|Document Type:||Journal Article|
|Title:||Influence of water velocity upon orientation and performance of adult migrating salmonids|
|Author:||Charles Richard Weaver|
During the months of August and September 1957 a series of experiments were conducted at Bonneville Dam, to determine (1) how adult migrating salmonids respond to differences in flow velocity, (2) how they perform in two relatively high-velocity flows, and (3) how the velocity of flow influences their rate of movement.
Given a choice of entering either of two parallel channels carrying flows of different velocities, steelhead trout (Salmo gairdneri), chinook salmon (Oncorhynchus tshawytscha), and silver salmon (O. kisutch) generally demonstrated a preference for the channel with the higher velocity flow. The magnitude of the response varied between species and with velocities of the choice condition.
The performances of steelhead trout and chinook salmon were examined in flow velocities of 13.4 and 15.8 ft/second by determining the distance they could achieve in an 85–foot channel. Although there was considerable variation in the distances attained by individual fish at each velocity, steelhead trout were generally more successful in negotiating these velocities than chinook salmon.

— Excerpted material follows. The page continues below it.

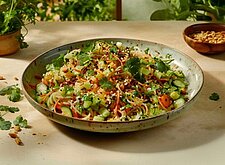 Image of Asiatischer Reisnudelsalat mit Furikake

Larger fish of both species were more successful in negotiating the two flows than smaller fish. Both species performed better in the 13.4 ft/second flow than in the 15.8 ft/second flow. Rates of movement of steelhead trout, chinook salmon, and silver salmon were measured in velocities ranging from 2 to 15.8 ft/second. Rates of movement varied with species, size of fish, and velocity. Maximum observed swimming speeds are given for each species and various factors affecting rate of movement are discussed.